Le logis de M. de Saint-Venant était propre et fort bien accommodé ; toutes choses y étaient rangées en un ordre parfait, et si l’on pouvait comparer l’un à l’autre une maison et un écuyer, nous dirions que la maison de M. de Saint-Venant lui ressemblait trait pour trait.

Il mit une grâce enchanteresse à installer Guezevern et à le faire, dans toute la force du terme, maître du logis. Les quatre valises furent vidées dans la grande armoire dont Guezevern reçut la clef. On congédia les porteurs, et Mitraille reçut permission de s’aller promener, à la condition de rentrer à la nuit pour veiller sur l’épargne de M. le duc.

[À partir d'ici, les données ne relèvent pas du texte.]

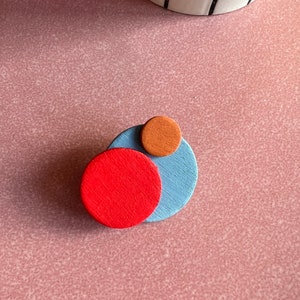 OLE • Holz-Brosche handmade geometrische Formen Kreise Planeten rot hellblau hellbraun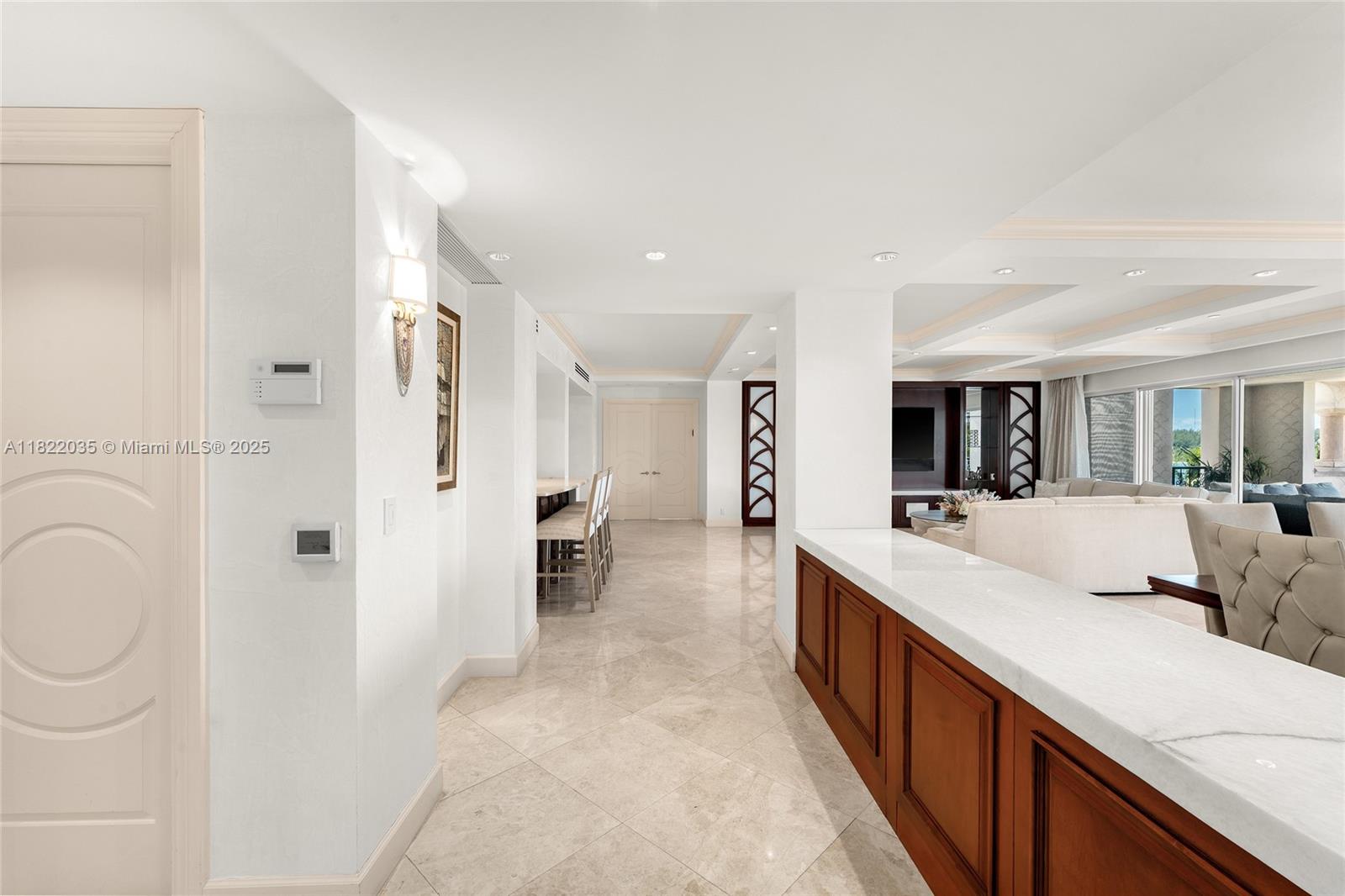 Miami Beach, Florida, 33109, United States, 4 Bedrooms Bedrooms, ,5 BathroomsBathrooms,Residential,For Sale,1858319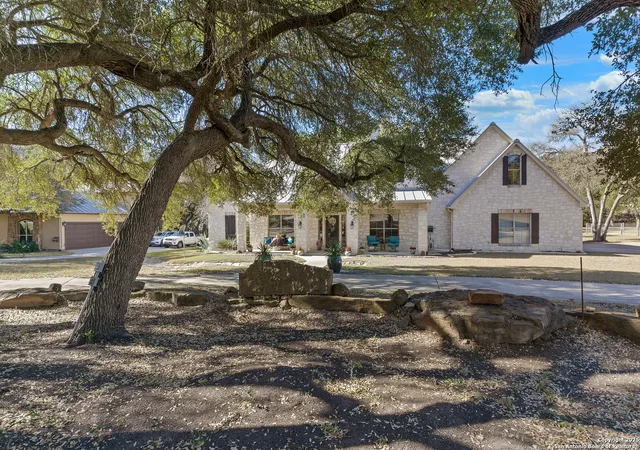 Photo 3 of Single family home for sale at 219 Shepherds Crook, Helotes, TX 78023 | MLS# 1832077 | Listing updated on 2025-10-12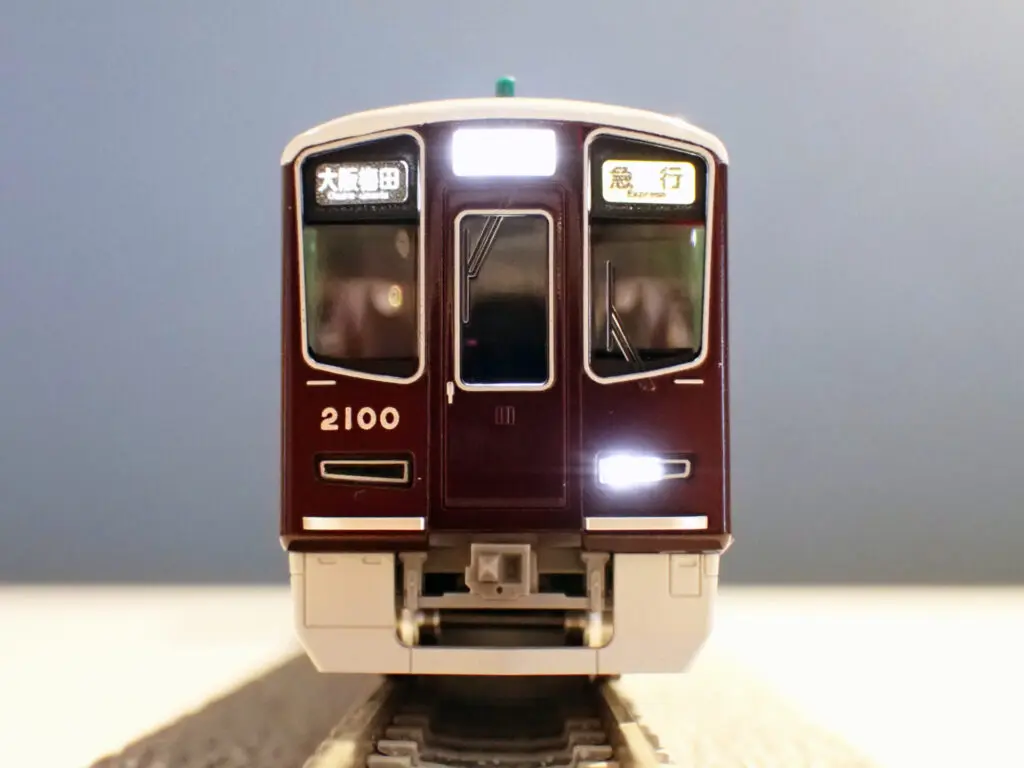 TOMIX 阪急電鉄 新2000系 (宝塚線・第1編成) 基本セット 【97217】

Quand nos deux compagnons furent seuls, Renaud de Saint-Venant embrassa encore maître Pol sur les deux joues en répétant de tout son cœur :

« Que je suis aise et ravi de vous voir ! Maintenant qu’il n’y a plus d’oreilles indiscrètes autour de nous, je puis bien vous dire, mon cher camarade, qu’il se prépare de grands événements… et, en passant, croyez-moi, défiez-vous de ce coquin de Mitraille, qui me paraît être un espion de M. le cardinal. Ceci n’est pas pour nuire au pauvre garçon, mais bien pour vous servir. Guezevern, mon ami, si les honnêtes gens ne se rallient pas en un ferme faisceau, la cour sera bientôt noyée dans le sang et dans les larmes. Cet homme aime le sang : c’est un bourreau, et le roi a de lui une si étrange terreur qu’il lui accordera, l’une après l’autre, toutes les têtes de sa noblesse. En apprenant la mort de son frère, M. de Vendôme a mis un terme à ses hésitations. Il est entré dans la grande faction dite des Honnêtes Gens, où sont les deux reines, le roi d’Espagne, le duc de Savoie, le pape, le jeune Gaston d’Orléans, M. le prince, M. le duc d’Enghien, M. le comte de Soissons, tous les ducs et pairs, tout le Parlement, toute la France.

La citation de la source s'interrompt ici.